時代は平成から平安に移り変わり、桃色の虫に覆われて、大人は死ぬか猿になった時代。貴族の特権となったひきこもりの私が綴る、かわいらしくも残酷で、悪夢のような物語。
これはショートショート36話からなる作品なのですが、とにかくおかしな背景を背負っています。全くの不条理で侵食されて、滅びに向かう世界。大人はいなくなり、子供だけが生き残り、荒廃したかと思えば、何故かインフラ的な意味で普通に生活は成立していて。

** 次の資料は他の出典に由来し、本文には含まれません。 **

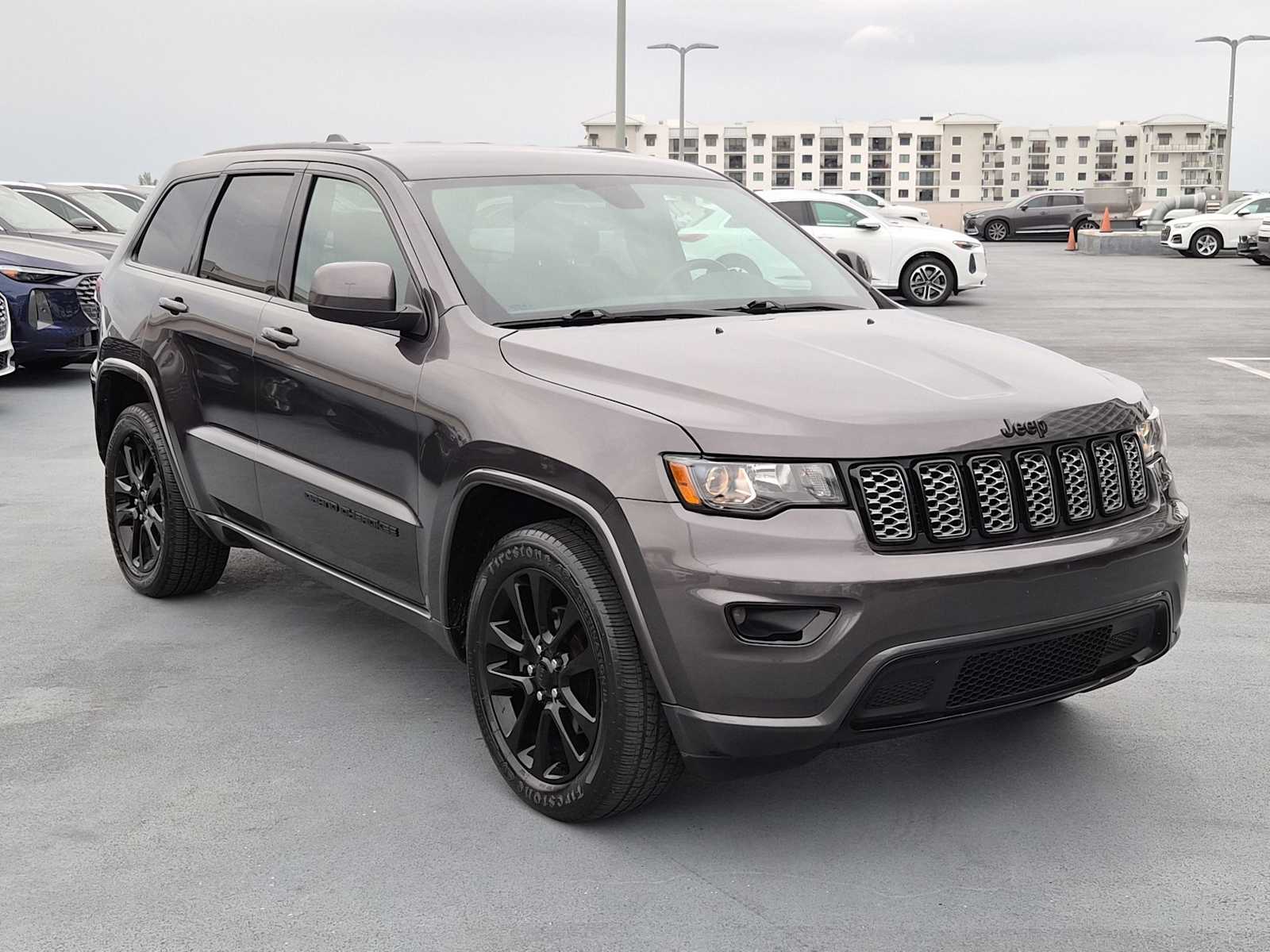 Thumbnail: 2019 Jeep Grand Cherokee - 8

おかしな虫に、おかしな生命体に、ひたすら侵食されている世界。精神を壊すそれが私にも働いている以上、それがどこまで現実かなんて一切の保証はなくて、ただあるようにあるひきこもりの私の生活。
全てがアンバランスで、温いのかと思えば急にシリアスになって、緩いようで過剰で。友達の女の子、女装メイドとなるペットの毛虫、そんないわゆる萌えなキャラクターが繰り広げる緩く可愛らしい日常は、いつだって狂気が入り混じっているような。それぞれの話のオチは笑っちゃうくらい不条理に残酷なこともあって、取り返しが付かないかと思えば次の話は何もなかったように始まる。ふわふわと春色の悪夢めいた数ページが、何度も何度も繰り返されて、でもそこで繰り広げられるのはラノベ的日常会話だったりして、酔いそうになる気持ち悪さがあります。

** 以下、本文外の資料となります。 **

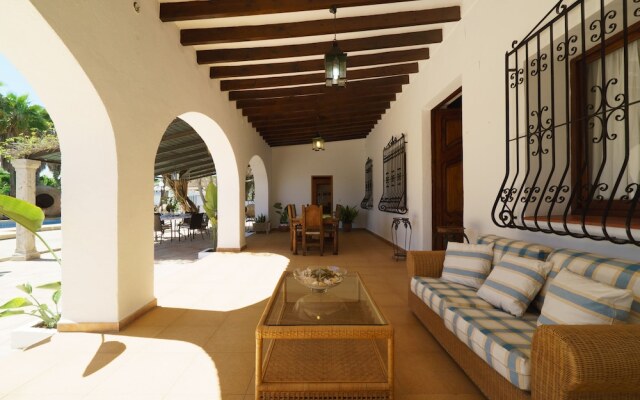 Book It Villa Moraira Caprice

なにより怖いのは、このおかしなおかしな、明日滅ぶかも知れない不条理な世界で、私はそれなりに幸せに暮らしているということ。そして確かに、この世界の中で、ひきこもりの私の暮らしが、巨大な白い毛虫を愛でるその生活が、悪くないものに見えたりもする、感覚のギャップ。それは世界観自体、整合性の取れないものだからこそ感じるものではあるのですが、そのズレた感じがある種現実にも通じるところがあるように思えて、一層に気持ち悪いものに思えるのです。
そしてふわふわとした現実感のない話の中で、急に突き刺さるような母と娘の関係、私と友人の関係の物語。そんなところは作者らしいと思いつつも、こんな世界観の、こんな混沌とした物語が、一体どこから出てきたのかと不思議になる一冊。それなのにこの絶望と希望の形には、よく知っているような心に引っかかるものがあって、読んだ後無性に胸がざわざわするのでした。講談社BOXらしいというか、ファウストの系譜にある作品に思えて、たぶん私の惹かれてしまう何かが、ここにはあるのだと思います。